## TASK INPUT
•••••
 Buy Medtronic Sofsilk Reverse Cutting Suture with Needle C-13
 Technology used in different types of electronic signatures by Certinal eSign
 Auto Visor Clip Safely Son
•••••
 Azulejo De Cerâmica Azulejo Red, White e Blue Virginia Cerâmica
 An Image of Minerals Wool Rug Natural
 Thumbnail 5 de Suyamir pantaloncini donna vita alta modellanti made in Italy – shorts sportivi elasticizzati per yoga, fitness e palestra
•••••
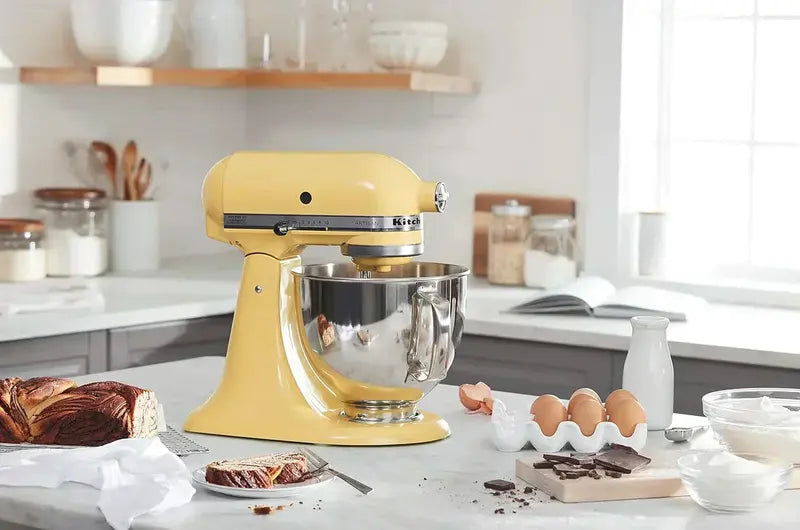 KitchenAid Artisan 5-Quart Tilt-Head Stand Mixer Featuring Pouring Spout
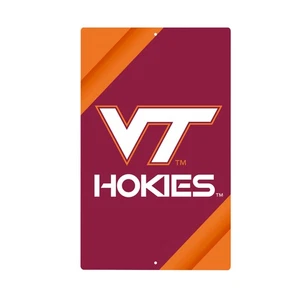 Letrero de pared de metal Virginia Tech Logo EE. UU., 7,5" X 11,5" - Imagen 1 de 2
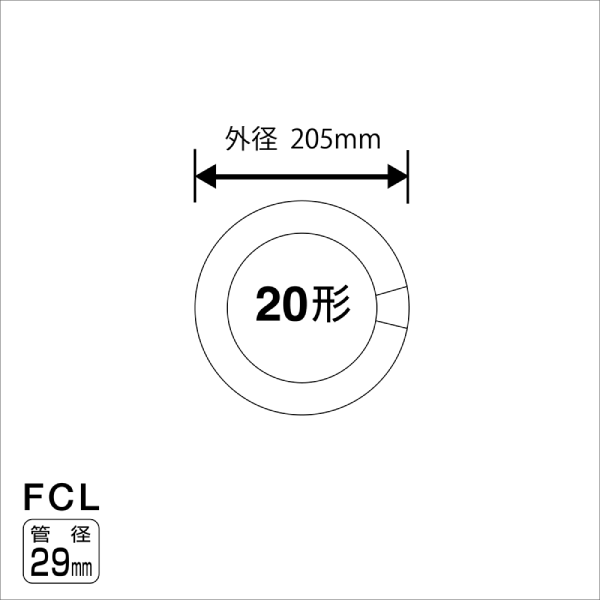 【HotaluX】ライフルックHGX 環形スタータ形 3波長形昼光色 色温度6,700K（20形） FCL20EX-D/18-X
•••••
## WORK TO COMPLETE
Everything from the line with "Buy Medtronic Sofsilk" through the line with "Auto Visor Clip Safely Son" in the listing above must be retyped exactly, with nothing added.

## FINAL ANSWER
 Buy Medtronic Sofsilk Reverse Cutting Suture with Needle C-13
 Technology used in different types of electronic signatures by Certinal eSign
 Auto Visor Clip Safely Son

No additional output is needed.